Louisiana Reconstruction Era politician (1837–1905)

Albert Raiford Blunt (1837 – March 19, 1905), also spelled Raiford Blount and Raford Blunt, was a Baptist minister, teacher and state legislator in Louisiana. He served in the Louisiana House of Representatives and the Louisiana Senate.

==Biography==
He was born 1837 in Thompsonville, Georgia moving to Louisiana in 1853 and he lived and worked on a cotton plantation until the civil war.

Blunt founded the Baptist Association in Natchitoches Parish along with John Gideon Lewis, Martin Kiles, and Benjamin Perrow in 1870 and he was the first pastor of the church.
He owned land in Natchitoches Parish as well as a number of town plots worth around $10,000 by the end of the 1870s.

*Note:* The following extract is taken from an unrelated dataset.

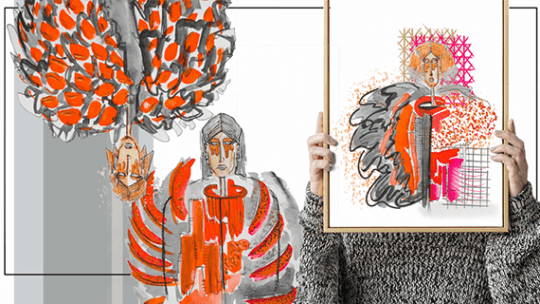 A BNU Fashion Design students portfolio, drawing of a man in orange and grey clothes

Blunt represented West Baton Rouge Parish in the Louisiana House of Representatives from 1870 until 1872 and then served in the Louisiana State Senate from 1872 until 1876.

He had been president of the local school board and was a founder of the first public school in Natchitoches where he also taught.
He also ran the Natchitoches Republican newspaper with subsidies from the Republican state government.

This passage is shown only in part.